In Panel, Mayors Laud 2010 Census
Filling out the 2010 Census may seem like just another boring piece of paperwork, but it is extremely important for states and municipalities, a panel of former mayors told an audience last night in the Lowell Junior Common Room during an event organized by the Institute of Politics to raise awareness of the census.
“There are a number of issues that are critically important to cities, and, yet, they’re not particularly sexy,” said former Mayor of Miami Manny A. Diaz, an IOP Fellow.
The results of the census determine the allocation of $435 billion in federal funding, the distribution of Congressional seats, and the provision of government services in cities.
“It has a dramatic impact on your ability to revitalize your city, and especially the neighborhoods that need it the most,” Diaz added.
Thus far, an estimated 71 percent of Americans have filled out the census, the panelists said, and census counters will begin going door-to-door next week, which, according to Greg J. Nickels, the former mayor of Seattle, might cause concern among some Americans.
“It’s safe, this isn’t going to be used as a tool to try and deport you or determine your immigration status, or anything else—you might owe the government money.

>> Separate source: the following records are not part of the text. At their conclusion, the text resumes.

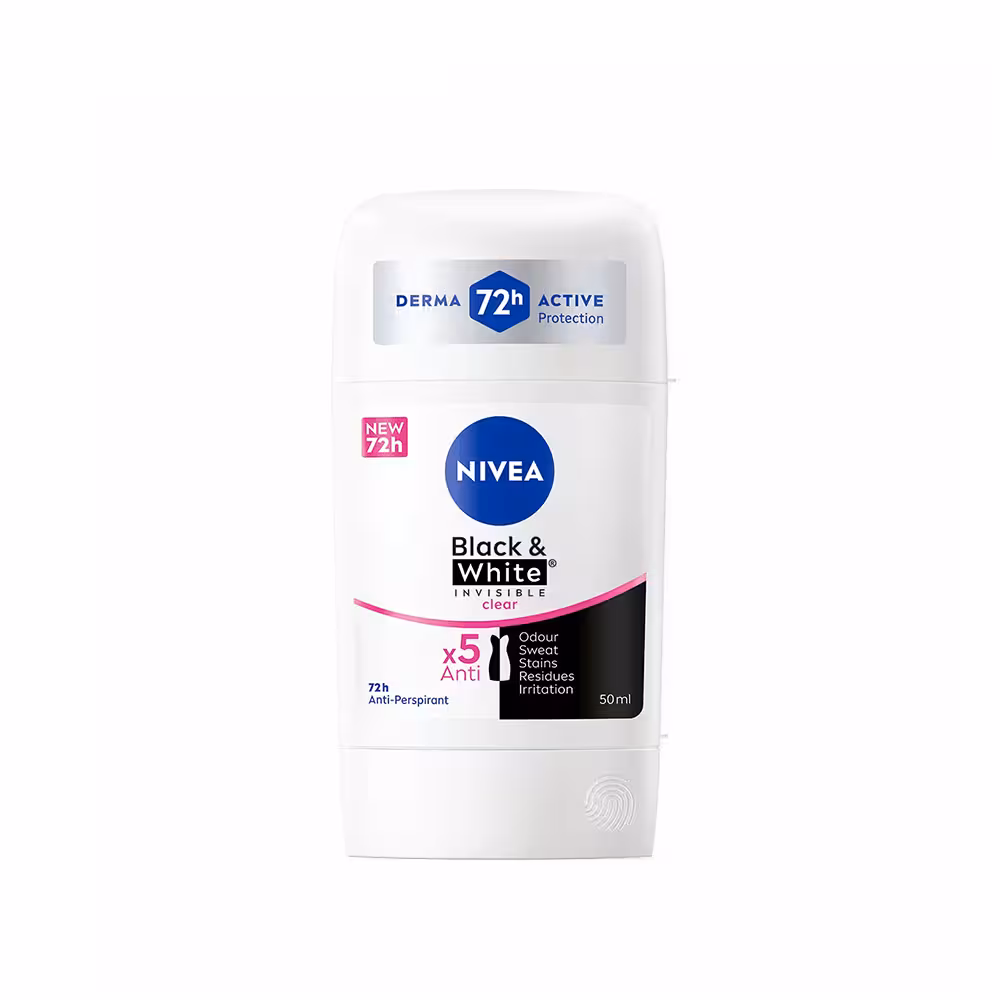 مام صابونی زنانه نیوا Nivea مدل Black and White Invisible clear حجم 50 میل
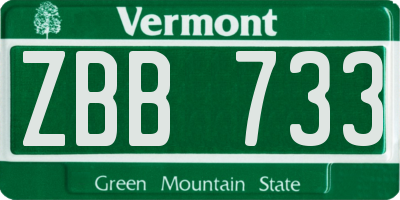 VT license plate ZBB733
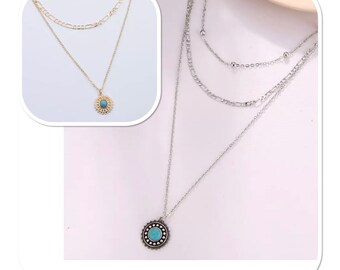 Collier superposé multirangs or lune strass, collier 3 rangs or bohème hippie chic plus sur Ateliersdisa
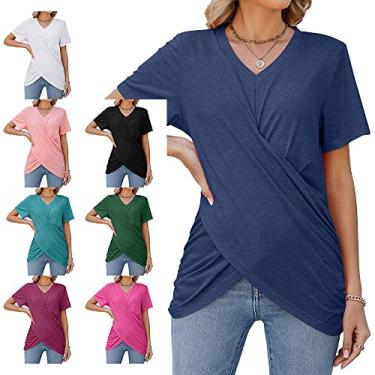 Imagem de Blusa com decote em V, blusa macia com decote em V, manga curta, respirável, cor pura para mulheres ao ar livre, Joia azul, XXG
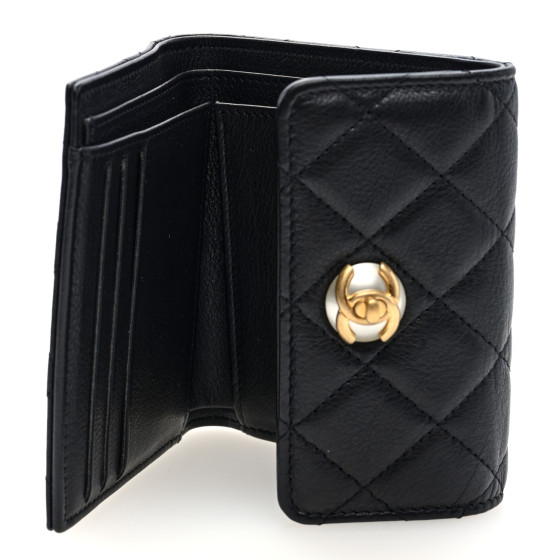 CHANEL Calfskin Quilted Pearl CC Medium Flap Wallet Black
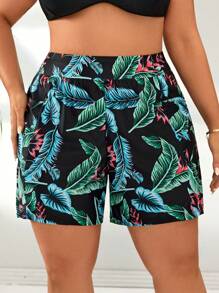 Swim SPRTY 夏季大码女式随机印花高腰宽松沙滩短裤，适合泳装下装 - 彩色 - 查看 5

It’s safe, it’s confidential, and it’s important,” Nickels said.
According to IOP President P. Kenzie Bok ’11, Harvard students have been working to help spread this message. The IOP Community Action Committee has worked with CIVICS—a joint IOP and Phillips Brooks House Association program that teaches civics classes in elementary and middle schools in Boston and Cambridge—to prepare a lesson about the importance of the census for their students, many of whom come from serially under-counted populations, Bok said.
The system of counting is imperfect, the former mayors said, especially when it comes to counting college students.
During the discussion, audience members said they were motivated to be counted in their home cities, because those areas might have a greater need for federal funds than Cambridge does.
IOP Director Bill Purcell said he sympathized with the students, but that the current counting system is necessary to produce an accurate depiction of the nation.